- Opening Delimiter -

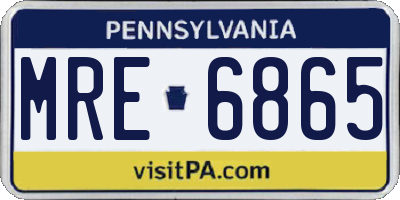 PA license plate MRE6865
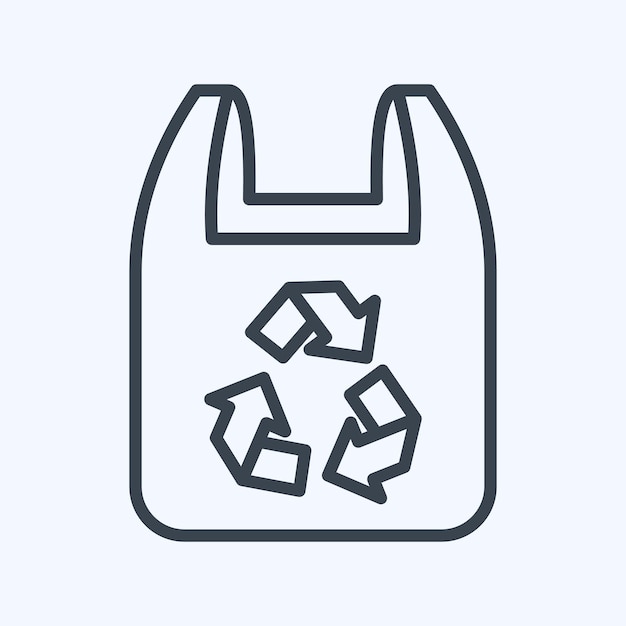 Icono Bolsa de plástico reciclada relacionada con el símbolo del medio ambiente Estilo de línea diseño simple editable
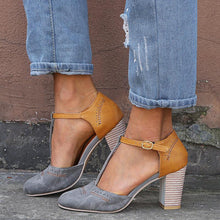 Load image into Gallery viewer, Large Size Thick and Suede Wild High Heel Sandals Women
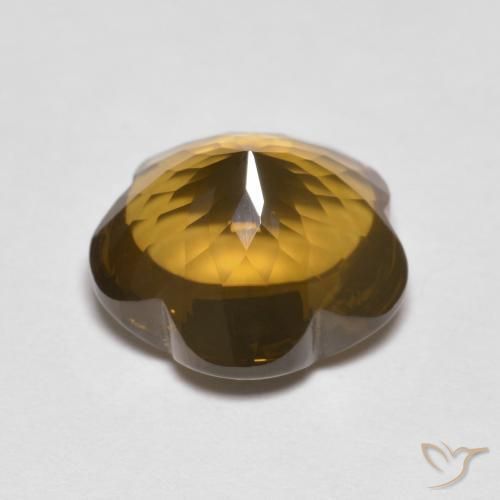 5.15克拉天然烟晶，花形切割，透明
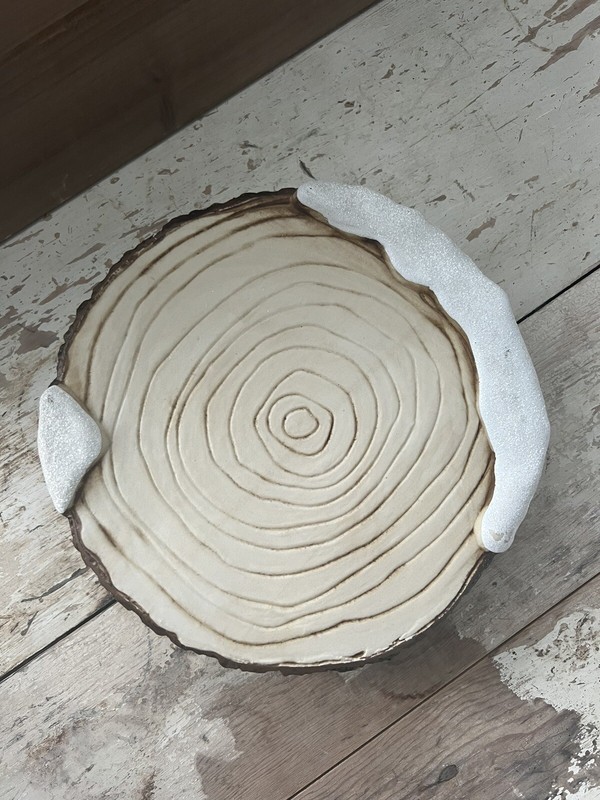 Target Bullseye Playground Faux Wood Log Snow Cake Stand Cupcake Wedding G8 gallery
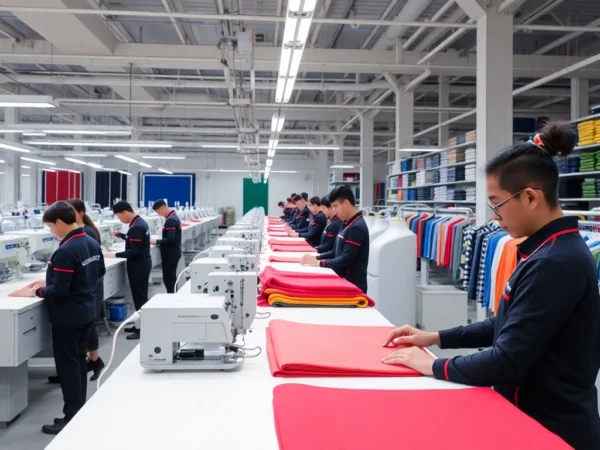 Leading clothing manufacturers in Pakistan showcasing high-quality custom apparel production with modern machinery and skilled workers.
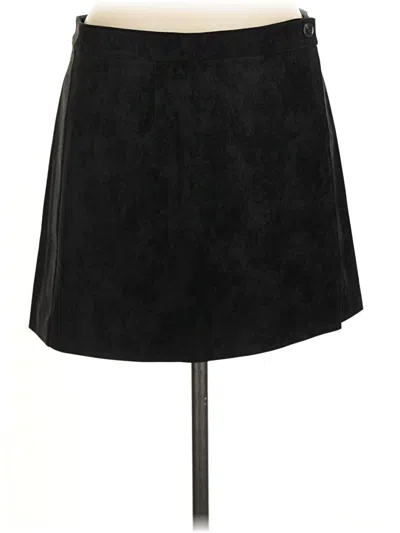 Pre-owned Wayf Faux Leather Skirt In Black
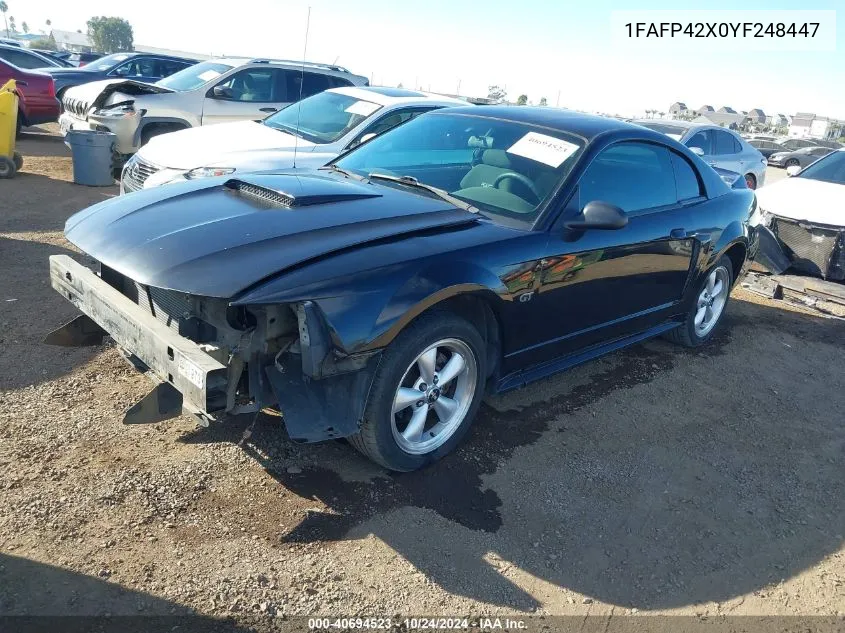 2000 Ford Mustang Gt VIN: 1FAFP42X0YF248447 Lot: 40694523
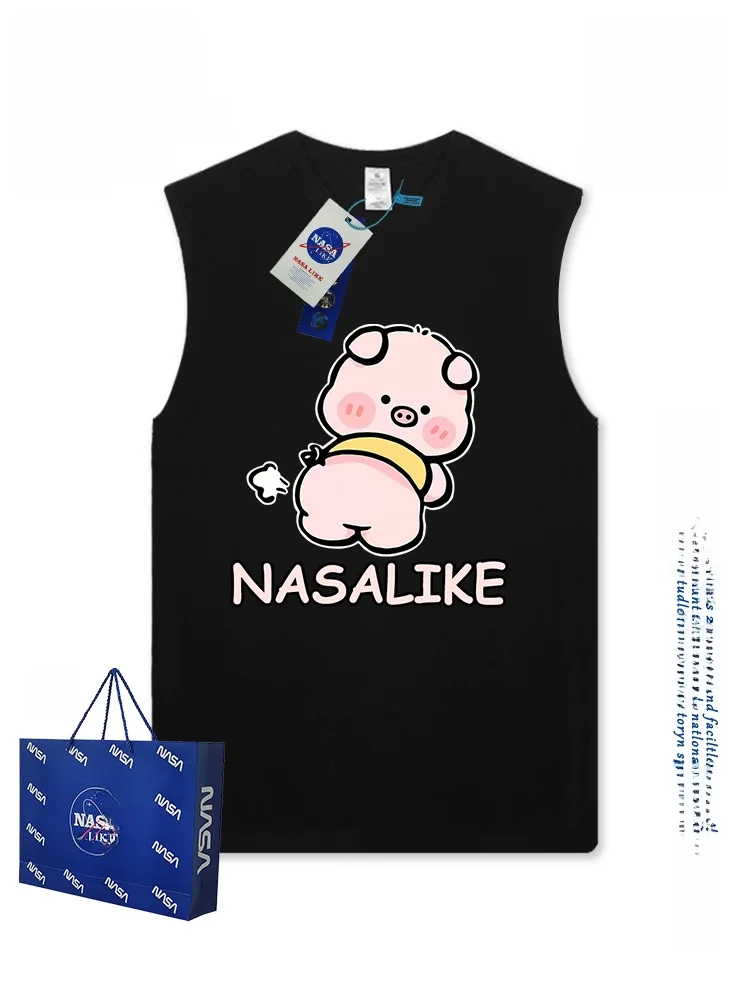 커플용 면 탱크탑 여름 피트니스 농구 슬림 티셔츠 여성용 루즈핏 중간 길이 동물 프린트 탱크탑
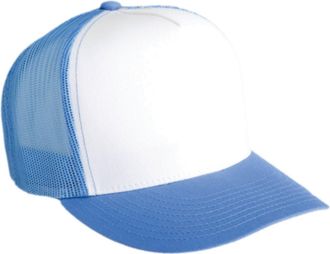 Flexfit Unisex Classic Trucker Cap, Women and Men Cap, One Size, White/Carolina Blue, One Size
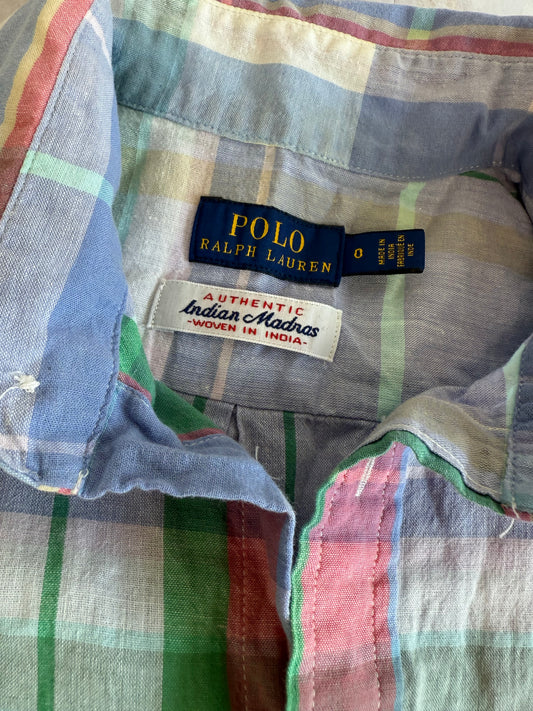 【POLO RALPH LAUREN】ポロ ラルフローレン マドラスチェック シャツワンピース ベルト付き 綿100% インド製 レディース Oサイズ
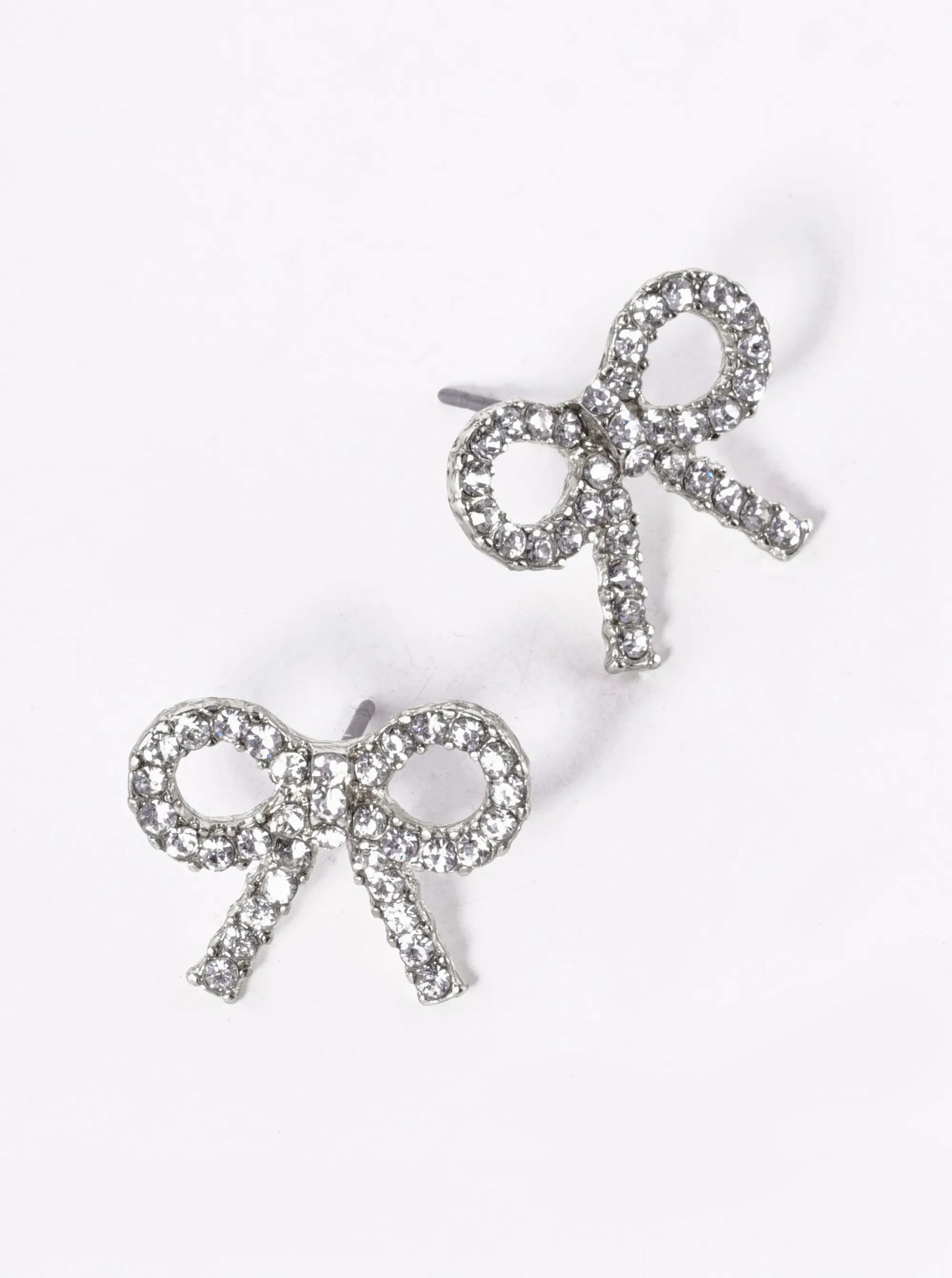 Crystal Pave Ribbon Bow Stud Earrings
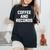 Coffee & Records 面白いビニールレコードコレクターミュージック レディースオーバーサイズコンフォートTシャツ 黒 Coffee & Records 面白いビニールレコードコレクターミュージック レディースオーバーサイズコンフォートTシャツ 黒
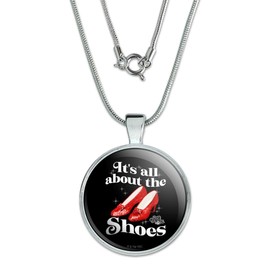 GRAPHICS & MORE The Wizard of Oz All About the Shoes 1" Pendant with Sterling Silver Plated Chain
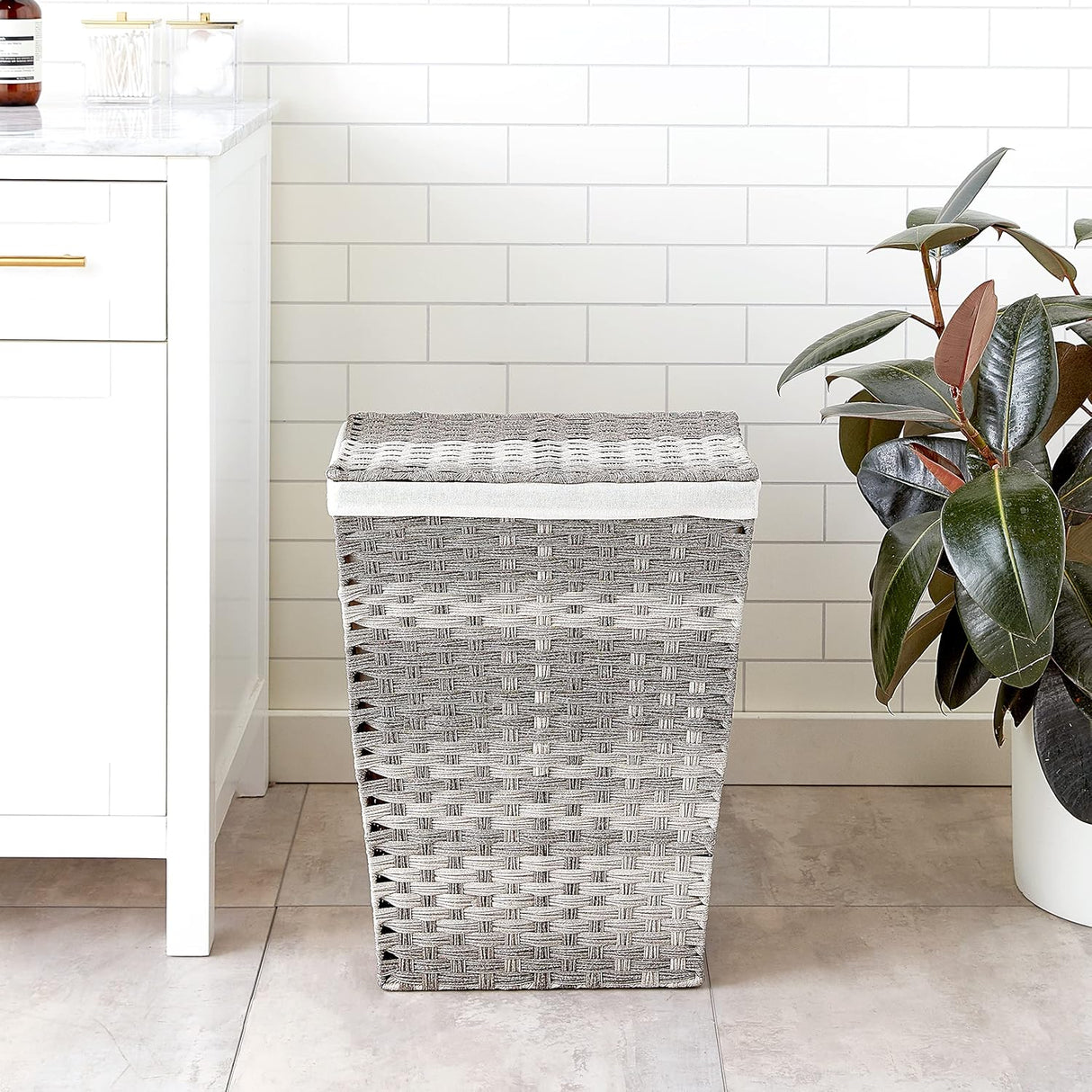 Cesto para ropa sucia con forro y tapa, gris lavado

- Closing Delimiter -

__Problem to work on__.
Copy out the whole listing word for word, except for any picture it includes.

__Task result__.
 PA license plate MRE6865
 Icono Bolsa de plástico reciclada relacionada con el símbolo del medio ambiente Estilo de línea diseño simple editable
 Load image into Gallery viewer, Large Size Thick and Suede Wild High Heel Sandals Women
 5.15克拉天然烟晶，花形切割，透明
 Target Bullseye Playground Faux Wood Log Snow Cake Stand Cupcake Wedding G8 gallery
 Leading clothing manufacturers in Pakistan showcasing high-quality custom apparel production with modern machinery and skilled workers.
 Pre-owned Wayf Faux Leather Skirt In Black
 2000 Ford Mustang Gt VIN: 1FAFP42X0YF248447 Lot: 40694523
 커플용 면 탱크탑 여름 피트니스 농구 슬림 티셔츠 여성용 루즈핏 중간 길이 동물 프린트 탱크탑
 Flexfit Unisex Classic Trucker Cap, Women and Men Cap, One Size, White/Carolina Blue, One Size
 【POLO RALPH LAUREN】ポロ ラルフローレン マドラスチェック シャツワンピース ベルト付き 綿100% インド製 レディース Oサイズ
 Crystal Pave Ribbon Bow Stud Earrings
 Coffee & Records 面白いビニールレコードコレクターミュージック レディースオーバーサイズコンフォートTシャツ 黒 Coffee & Records 面白いビニールレコードコレクターミュージック レディースオーバーサイズコンフォートTシャツ 黒
 GRAPHICS & MORE The Wizard of Oz All About the Shoes 1" Pendant with Sterling Silver Plated Chain
 Cesto para ropa sucia con forro y tapa, gris lavado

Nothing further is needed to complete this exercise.